◆ GIVEN INFORMATION
──────────────────────────────

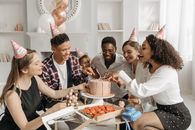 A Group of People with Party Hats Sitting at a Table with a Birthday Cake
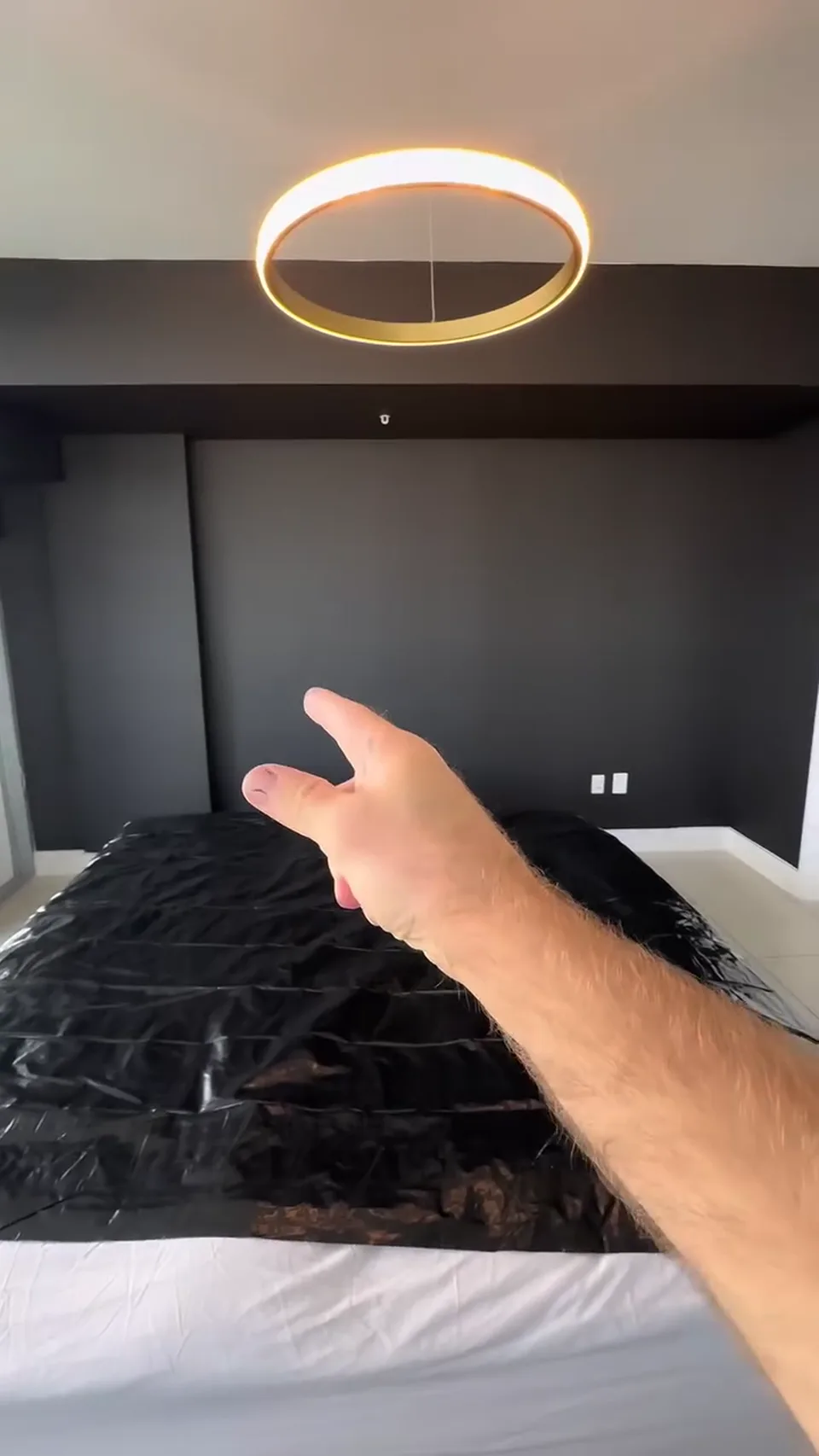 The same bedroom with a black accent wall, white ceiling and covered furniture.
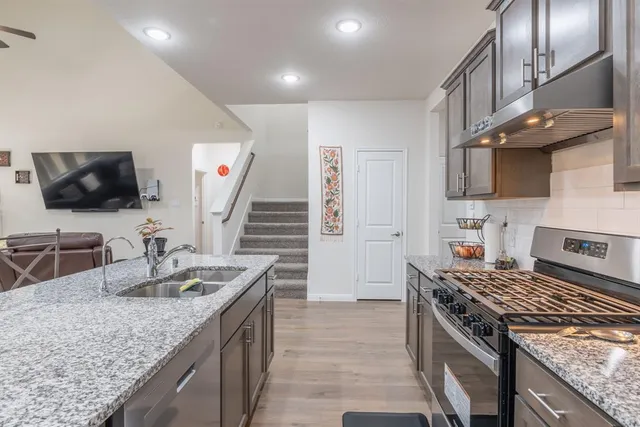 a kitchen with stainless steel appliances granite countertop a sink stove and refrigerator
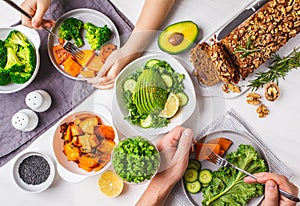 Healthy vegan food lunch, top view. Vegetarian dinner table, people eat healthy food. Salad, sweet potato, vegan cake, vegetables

──────────────────────────────

◆ EXERCISE INSTRUCTIONS
Would you copy out the material above exactly, without the pictures in it?

◆ EXPECTED ANSWER
 A Group of People with Party Hats Sitting at a Table with a Birthday Cake
 The same bedroom with a black accent wall, white ceiling and covered furniture.
 a kitchen with stainless steel appliances granite countertop a sink stove and refrigerator
 Healthy vegan food lunch, top view. Vegetarian dinner table, people eat healthy food. Salad, sweet potato, vegan cake, vegetables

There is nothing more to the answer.